The way we did it is that we sent the newspapers to the subscribers, but they had to send us a letter within a few weeks to confirm that they were reading it or send us a few bucks or send us some new information if they wanted to stay on the mailing list. We never charged a subscription fee, and we didn’t have any advertisements. That’s how it just kept getting bigger. Pretty soon, the post office in Rooseveltown was completely overwhelmed, they couldn’t handle all the mail they received for us. People would send all kinds of things, a few dollars, information, recipes; it was a big job to open all that mail! Then all of a sudden, the universities, libraries, institutions, they all started buying the newspaper, so we received piles and piles of checks. I’ll never forget how we had to make all the packages by hand in my mother’s kitchen, thousands of them, sending all the bundles for the different zip codes. It was very hard labor, but we were really happy doing it. My mother had to move her kitchen to the other room! There were people coming from all over Indian country to see how our newspaper worked; they were sleeping in tents all around my father’s house. It was the hub for the community; people were sitting around reading these letters from all over the world. Nobody ever got a salary, not even Rarihokwats. We gave out all the money we received to people who needed it, for funerals and other things. That’s the way it was. 

When I was twenty-eight years old, some forty years ago, I was designated as the Aión:wes. This is the title of the head of the Kanien’kehá:ka men’s fire under the Kaianerehkó:wa — what they call the war chief in English. But the true role of the Aión:wes is to be the keeper of the house, meaning to protect your community, as much in the case of everyday family issues as for emergencies, like when the territory has to be defended against an attack. According to the original instructions of the Kaianerehkó:wa, the role of the Aión:wes is based on three principles: the power of a good mind, peace, and strength. Since our confederacy was established, there has always been a men’s fire, the Rotihsken’rakéhte’, whose responsibility is to organize the defense of the territory. There’s a long history to it; it has been part of our way of life since time immemorial. In the past, whenever other Rotinonhsión:ni territories needed assistance our chiefs would counsel and send the Rotihsken’rakéhte’ there if necessary. We would put up defenses and bear arms to defend ourselves. Throughout my time as head of the men’s fire, I was called to give assistance to other Indigenous peoples all over the continent.

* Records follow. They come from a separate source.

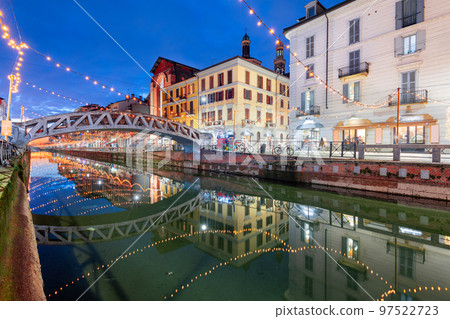 Navigli Canal, Milan, Italy at Night 97522723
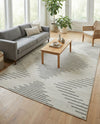 Seychelles Stripes Collection Area Rug - Mahe (Ivory and Gray) Rectangle Ivory and Gray  lifestyle 17
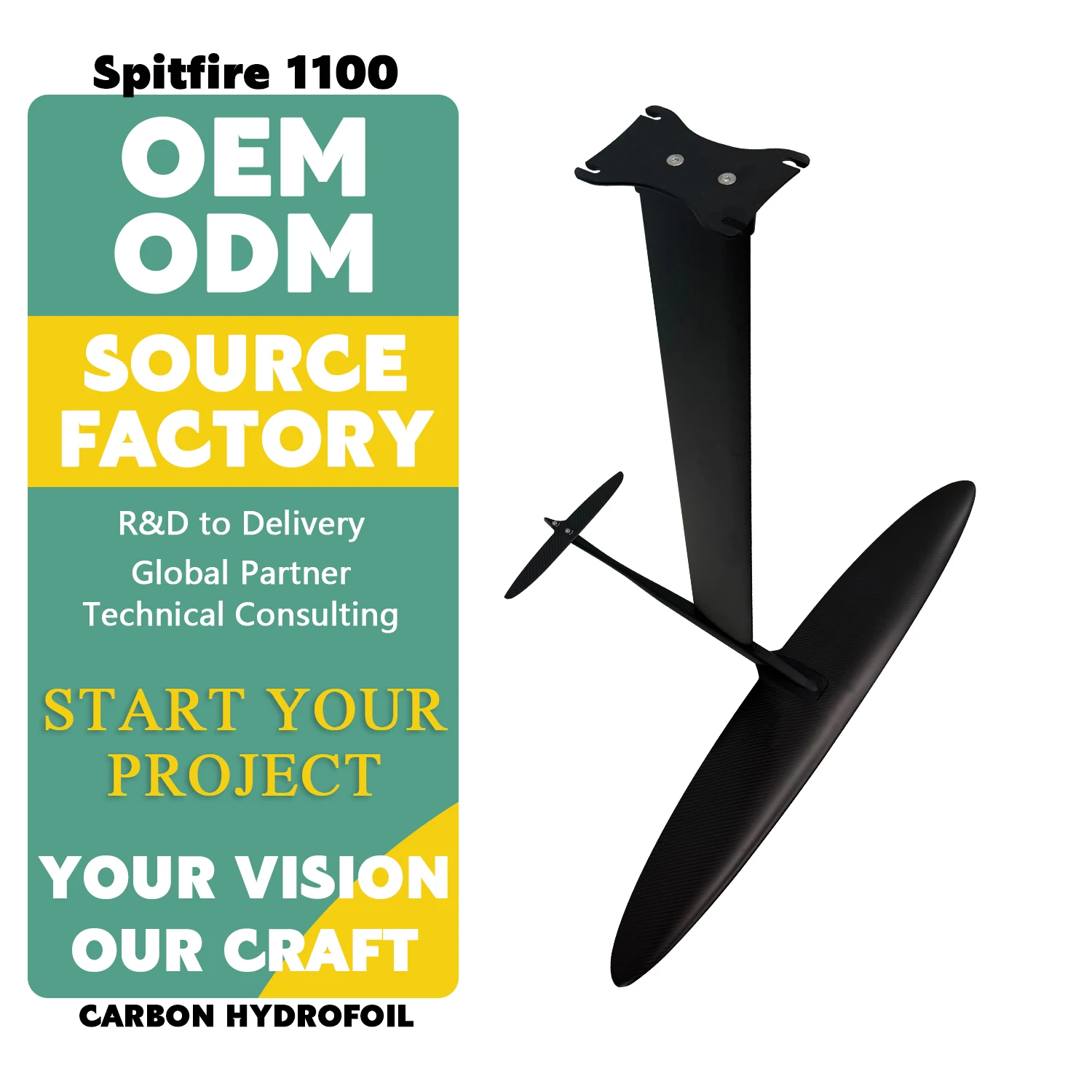 Spitfire 1100 Carbon Mast High Performance Electronic Foil Water Surfboard All-Around SUP Ocean Paddle Kite Downwind Wave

We were in Alcatraz when it was occupied by Indigenous protesters. It had been chosen as a site of occupation, because as a barren prison it was a symbol of the oppression we were experiencing in reservations.1 One of the leaders in Alcatraz, Richard Oakes, was from Akwesasne.2 It wasn’t easy to coordinate, because all the people who went there were from different backgrounds, and there was a lot of pressure from the media. I was there for about four months. I remember often being cold and hungry.

We were there when the Trail of Broken Treaties crossed the United States to occupy the offices of the Bureau of Indian Affairs, which was disenfranchising Indigenous people across the country.3 There were hundreds of us from all over when we arrived at the Bureau of Indian Affairs in Washington. When all the employees left the building, people broke into the office on the second floor. People were rifling through files, looking for documents related to their community, land easements, things like that. People were rightfully looking through all this paperwork; it was all over the place. The most militant were the Tuscaroras from the Carolinas. I don’t know who let them in the building. Boy, they were mad, they were angry, they were hurt. They started taking all the equipment from the offices and putting it at the top of the stairs in case anybody were to come. There were medallions and certificates of all kinds all over the floor. The Tuscaroras started making weapons out of the table legs. To me that crossed the line, so I told my folks, “This is not going to have a happy ending. I think we better do something." We talked to the old Lakota people asking them what ceremony we could do to calm the people down. This was supposed to be their building. Do they act like this at home? So there was a pipe ceremony, and everybody settled right down. The people came down from the roofs, and the cops were all outside. The ceremony was so intense, the Lakotas were able to quiet people down.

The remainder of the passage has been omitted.